Parents know that children are expensive to raise and parents do not look upon their offspring the same way they might a business expense. Nevertheless, divorcing parents should realize that their children become more expensive as they move into adolescence, and that the expenses are seldom covered by negotiated child support arrangements. “[P]rom expenses, cheerleading, sports gear, cars and car insurance, allowance and college visits and applications,” says a California Morgan Stanley Smith Barney financial analyst, are only a few of the items that add up to “…all sorts of new costs.”

See You in Court (Again)

Monday, August 2nd, 2010

There’s a popular song with a refrain that goes: “You never can say goodbye. No, no, no, you never can say goodbye.”

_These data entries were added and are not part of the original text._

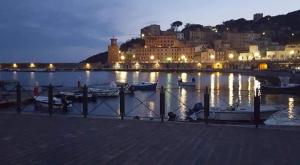 a city lit up at night with boats in the water at Appartamento e Mansarda al mare in Rio Marina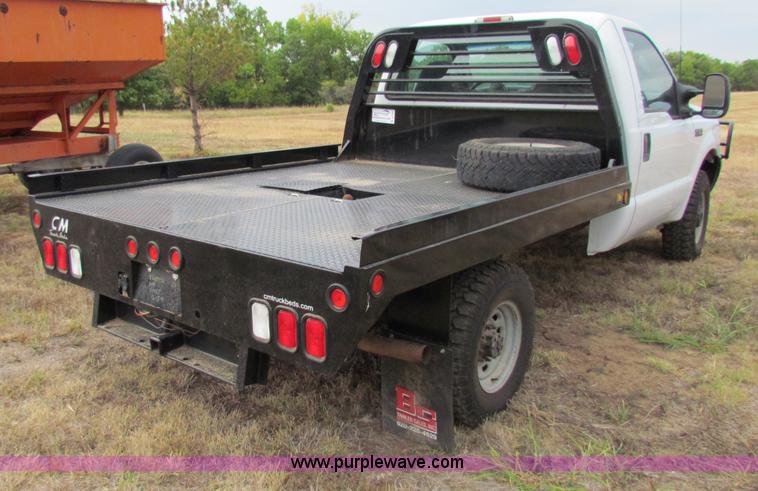 image for item B7474 2003 Ford F350 XL Super Duty flatbed pickup truck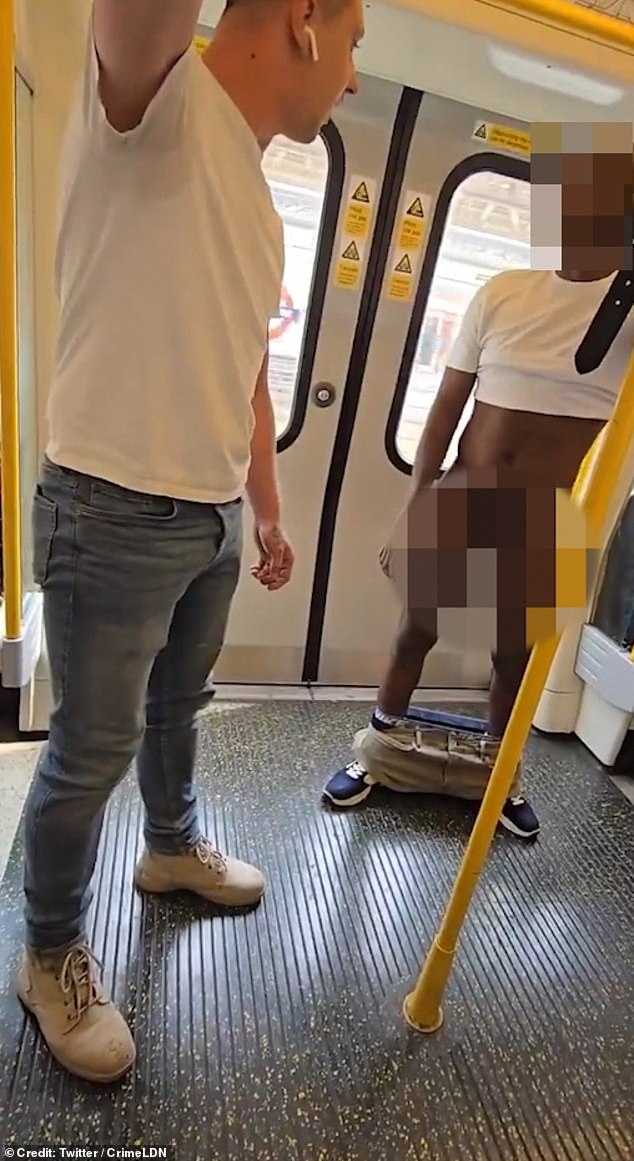 The moment a commuter confronts a man on the Tube after he dropped his trousers in a packed carriage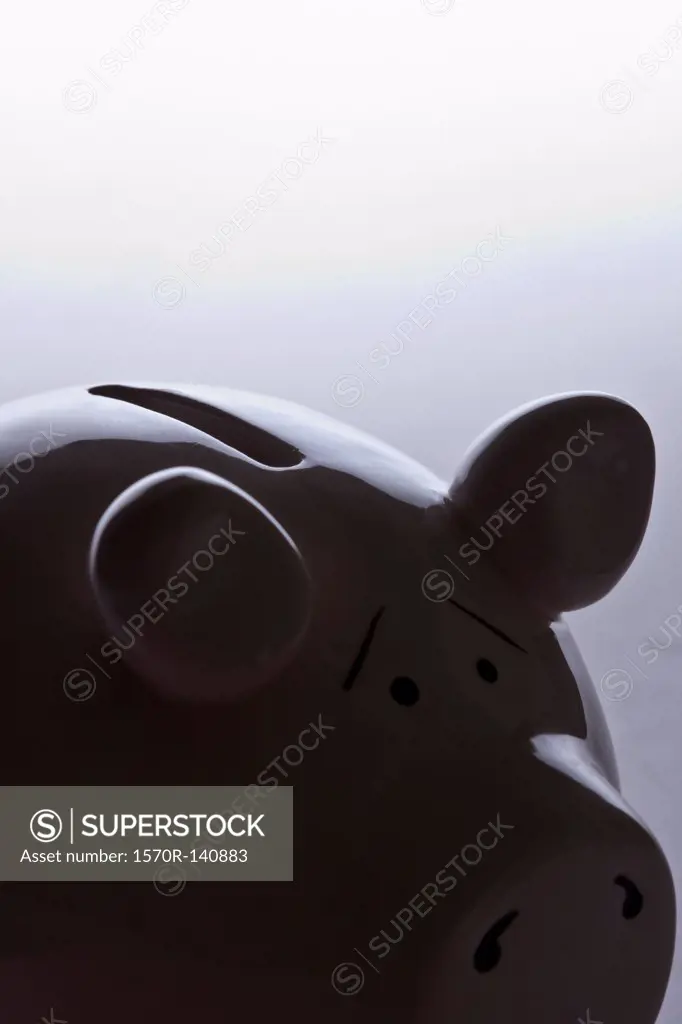A piggy bank with raised eyebrows indicating worry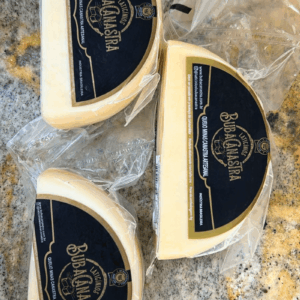Três pedaços de Queijo Minas Canastra Artesanal em formato de meia-lua, embalados a vácuo com rótulo azul e dourado da Laticínios Buba Canastra.
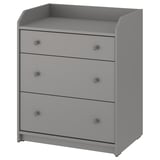 A gray HAUGA chest with three drawers. Its made of particleboard and has simple, rounded knobs. Ideal for various rooms and organizes items neatly.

That’s what happens when after a divorce former spouses face each other in court again when one asks the judge to modify a court order about spousal or child support or both or the terms and conditions of custody and visitation.

Very few divorcing couples consider that long after their divorce, they may be still be paying for it in legal bills occasioned by modifications, which are court orders to change previous court orders.

These court actions, even when they come about for good-faith reasons, have a way of bringing out the worst in the party hauled back into court as the defendant or respondent in an action. The party must answer the allegation, which means more legal bills.

Modifications can become an expensive item that must be faced. One cannot appeal to eliminate child support, for example; however, one can appeal for a change in the amount due to changed circumstances. Courts entertain motions to modify spousal and child custody and support because of a change in circumstance in the lives of the either the custodial or the noncustodial parent, in the case of custody, or in the lives of the payor or the payee, in the case of alimony. Changed circumstances very often involve the reduced or increased income of one of the parties. Very often the custodial parent (usually the mother) seeks to modify the child support because of increases in the cost of living.

Sometimes couples can head off the need for court appearance by taking care in the language of separation agreements. For example, some separation agreements provide for automatic escalator clauses that eliminate the need for court-ordered modification.

Sometime former spouses see one another again in court when the custody and visitation routines break down, or when the custodial parent attempts to remove the child from easy visitation by the noncustodial parent.